Take the example of the historical data that companies employ to determine who should get a loan and what the applicants should be charged. All too often, AI programs amplify the racial biases that were endemic in the past, with a very negative social impact, Ahmadi points out. But companies also lose substantial numbers of clients who actually are good candidates for loans. 

We can uncover biases in facial detection, loan predictions and predictions of disease from chest X-rays

Crucially, the Themis AI algorithm doesn't care what tasks are covered or what datasets are employed. "We can uncover biases in facial detection, loan predictions and predictions of disease from chest X-rays," Ahmadi says. 

From solution to startup 

Impressed by the power of the anti-biasing algorithm, in August 2021 Rus and her graduate students made a pitch to The Engine, MIT's tough-tech venture organization. The Engine gave them funding for a year of technology development. Their startup, named for the Greek goddess of justice, launched the following month. The co-founders now are raising their next round of funding, expanding their engineering team and adding employees with expertise in AI regulation and in software markets. 

By year-end, Themis AI plans to launch a de-biasing platform product that will lead companies creating machine learning models through three steps. The first step is to identify the vulnerable areas within the model's data and the potential risks. Second, the software will leverage that knowledge while training the model. Third, the application will certify that the model is appropriately robust and fair. (Importantly for customers, bias can be assessed by established open guidelines.) 

Themis AI is collaborating with several design partners, in labeling, financial, human resources and medical applications. "They're letting us know what they care about, what they want to see, how they want to interact with the product, how it should be built and how it should be integrated into their pipeline," Ahmadi says. The company also wants to collaborate with machine learning operations companies, which provide many tools to help in building or deploying applications but often struggle with bias problems that are only discovered after the applications are deployed. 

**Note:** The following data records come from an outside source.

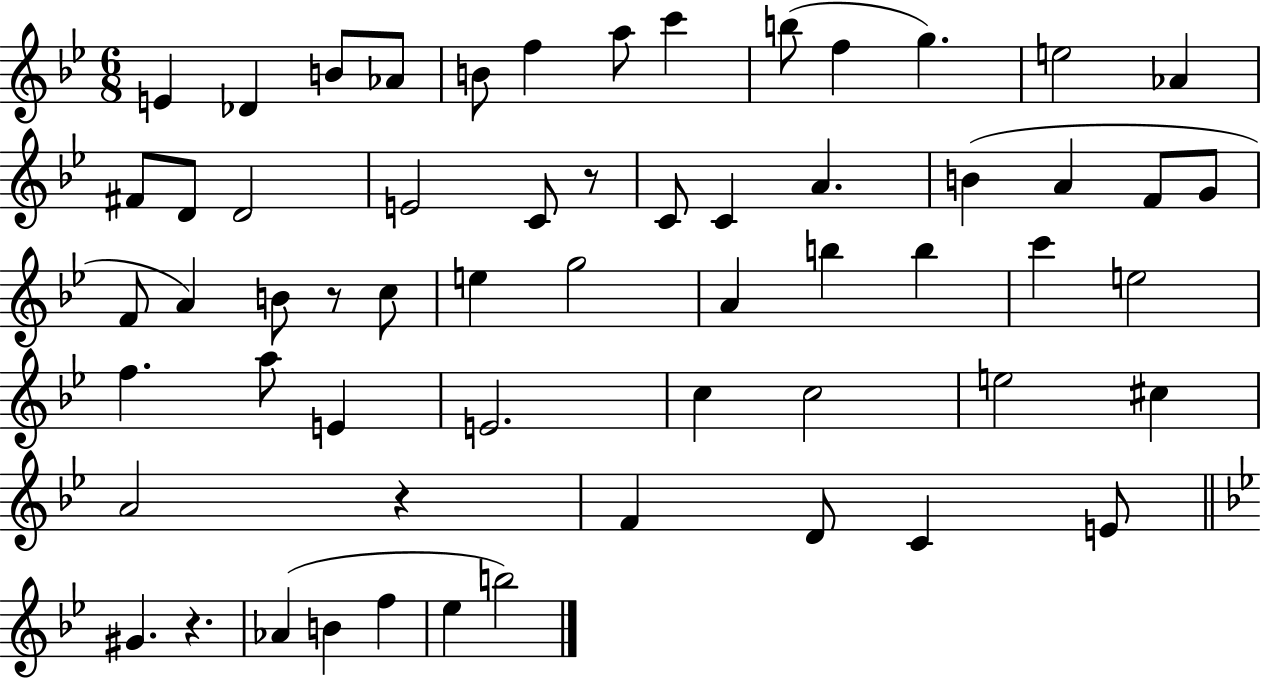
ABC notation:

X:1
T:Untitled
M:6/8
L:1/4
K:Bb
E _D B/2 _A/2 B/2 f a/2 c' b/2 f g e2 _A ^F/2 D/2 D2 E2 C/2 z/2 C/2 C A B A F/2 G/2 F/2 A B/2 z/2 c/2 e g2 A b b c' e2 f a/2 E E2 c c2 e2 ^c A2 z F D/2 C E/2 ^G z _A B f _e b2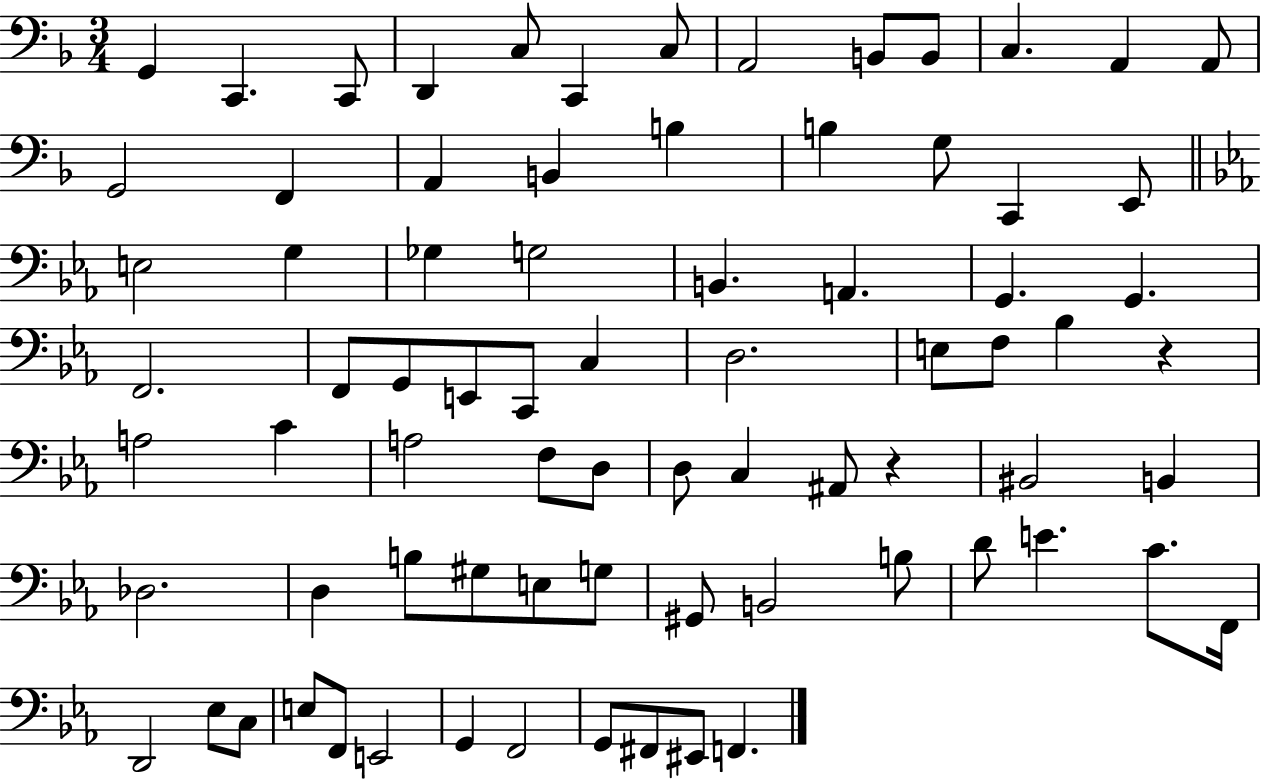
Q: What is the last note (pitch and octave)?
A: F2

As widespread as machine learning software has become, Ahmadi notes, the software still acts like a black box. "Trying to figure out how the black box works and trying to minimize all of the risks that come with it is a hard problem," she says. "I don't think that's something that every company should do on their own." 

"In order to build an AI model that is robust and fair and doesn't put your company or human life at risk, you don't need to hire a lot of data scientists, " she adds. "You don't need to hire a lot of risk managers. You just need, with the resources that you have, to build technology that doesn't have any of these issues. And that's what we're bringing."